ORANGE, Texas — Mother Nature has thrown a knuckleball into the Sabine River Challenge. Unlike the challenge of making contact with a fluttering baseball, the goal for the Bassmaster Elite Series anglers has been just the opposite – not making contact.
It seems that almost every one of the 100 anglers has hit something during the three days of practice this week on the Sabine.
"I got really stuck twice," said 2013 Classic champion Cliff Pace. "One time I got stuck on the [river] bottom. There's nothing unusual about that. The second time I got stuck in the air."
Pace explained that he tried to power his boat over a half-submerged log. He made it only halfway.
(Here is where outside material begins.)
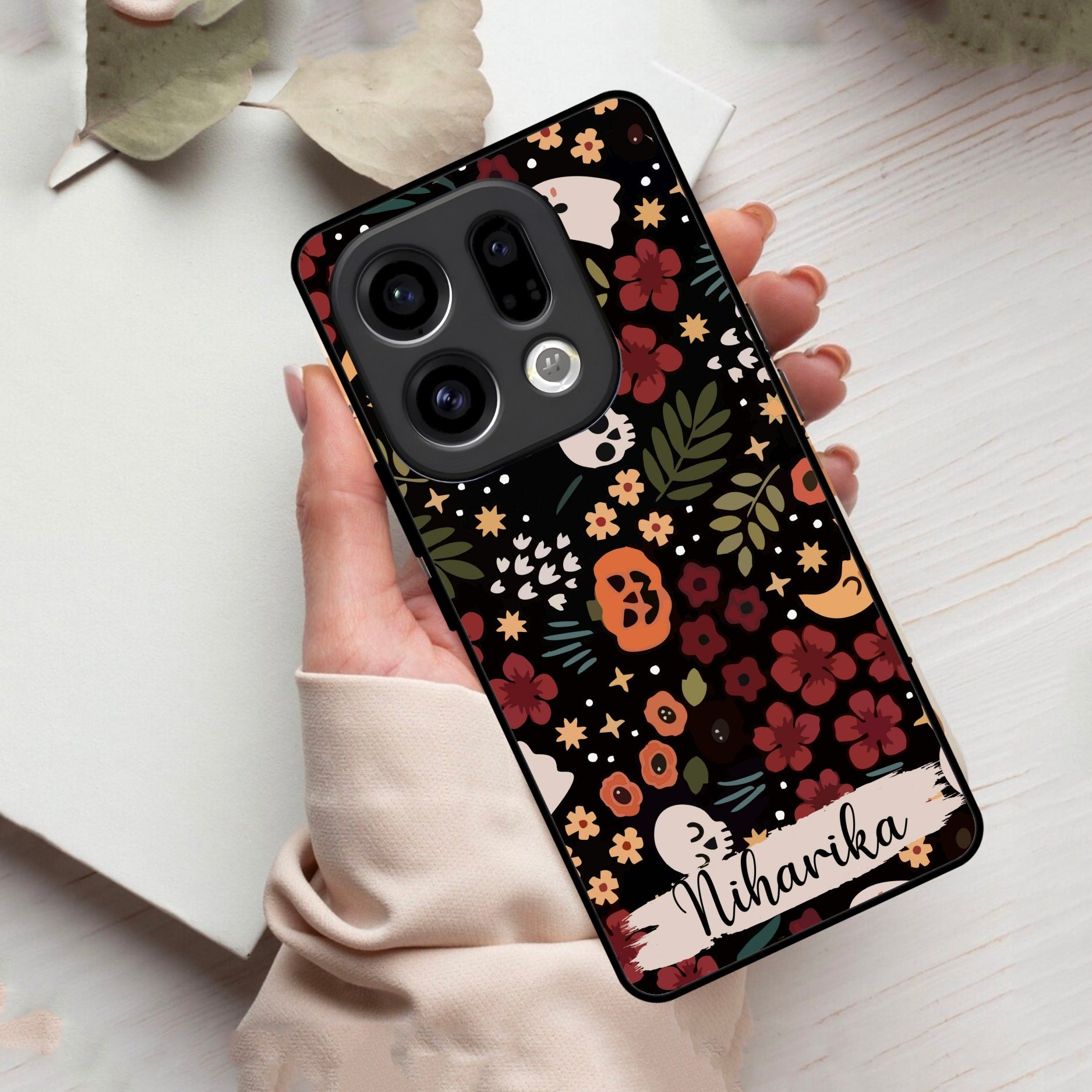 Hellowean Customize Glass Case Cover For Oppo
"How I got off, I really don't remember," Pace said. "Good luck, I guess."
One area of the Sabine has been particularly tough on outboard motor lower units and propellers.
"There's probably $2,000-worth of props in that one spot that has been whipping our butts," laughed veteran Zell Rowland. "Ask Britt Myers. He knows exactly where it is."
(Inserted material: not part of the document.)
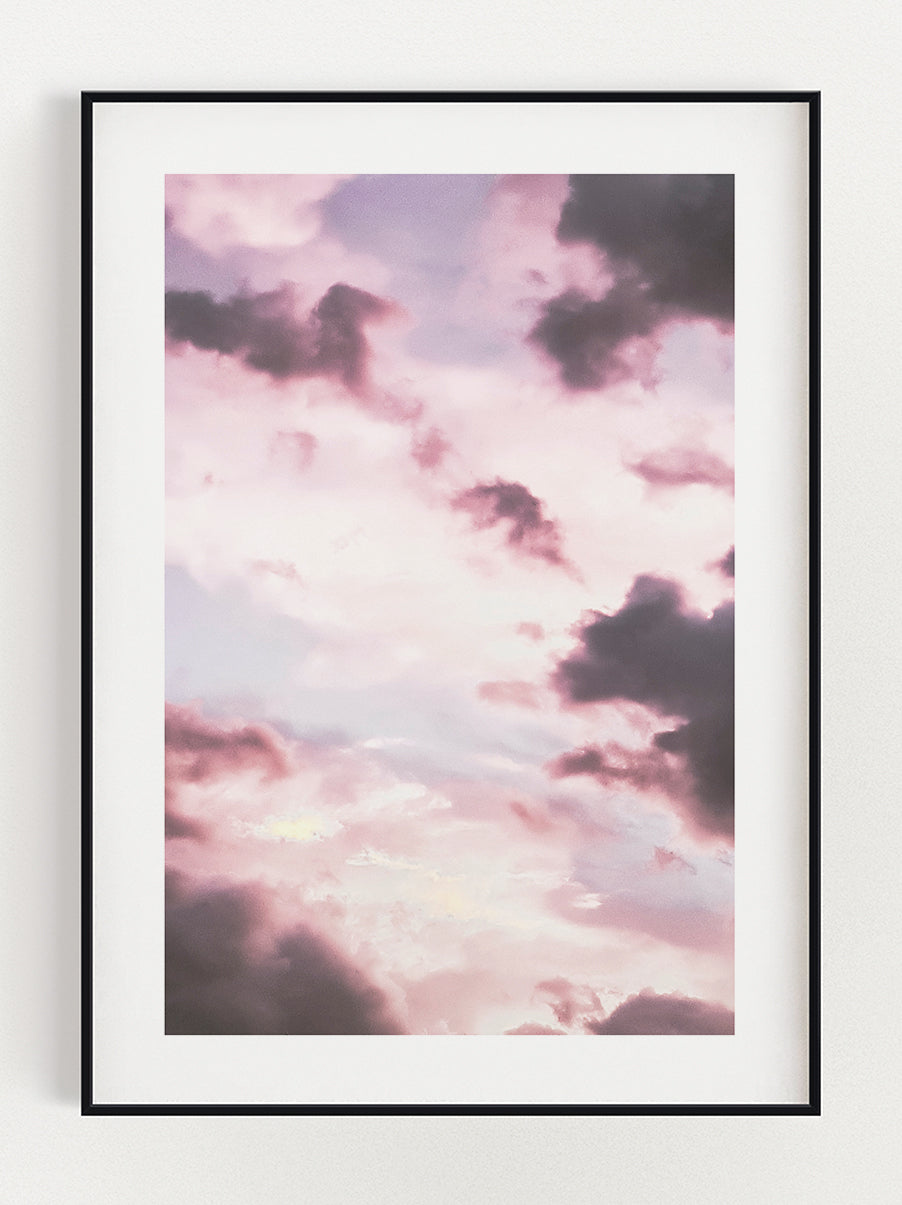 Pink Clouds Poster – Stunning art poster print on premium gallery paper, perfect for modern interiors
Myers was another lower unit victim this week. The boat service crews have been busier than normal during practice, but those problems should ease once the tournament begins Thursday, according to Dennis Tietje of nearby Roanoke, La. He probably knows this shallow river system best in the 100-man field, and Tietje – much to his surprise – needed some serious outboard repair after he smacked an underwater obstruction Monday.
"Mother Nature threw a kink in this tournament," Tietje said. "The combination of low tide and wind had the water level about a foot lower than it has been in a long, long time. It's coming back up, but that's creating other problems as far as catching fish."
Tietje explained that heavy rains upstream on the Sabine have produced a surge of muddy water coming down the river, which drains into the Gulf of Mexico. The rising tide from the Gulf is meeting the muddy water and forcing it into the backwater areas, where the best fishing had been previously.
It has these anglers spread out in both directions from Orange Public Boat Ramp weigh-in site. Many of them are planning long boat runs in search of clear water and a five-bass daily limit meeting the 14-inch minimum length requirement.
"I'm catching numbers, but no size," said Bobby Lane. "You might catch 30 or 40 fish one day and weigh-in with zero. It's a matter of, 'Where's that 14-incher?'"
When asked about his practice period, Pace deadpanned, "I caught a redfish that was well over 14 inches. It was probably 20 or 22 inches."
But whether the daily bag weights are high or low, there is no doubt among these anglers that enthusiasm in Orange is remarkably high. It seems every business in town has a sign welcoming the Elite Series. Autograph-seekers are everywhere.
"I've never seen a place so excited to host a tournament," Pace said.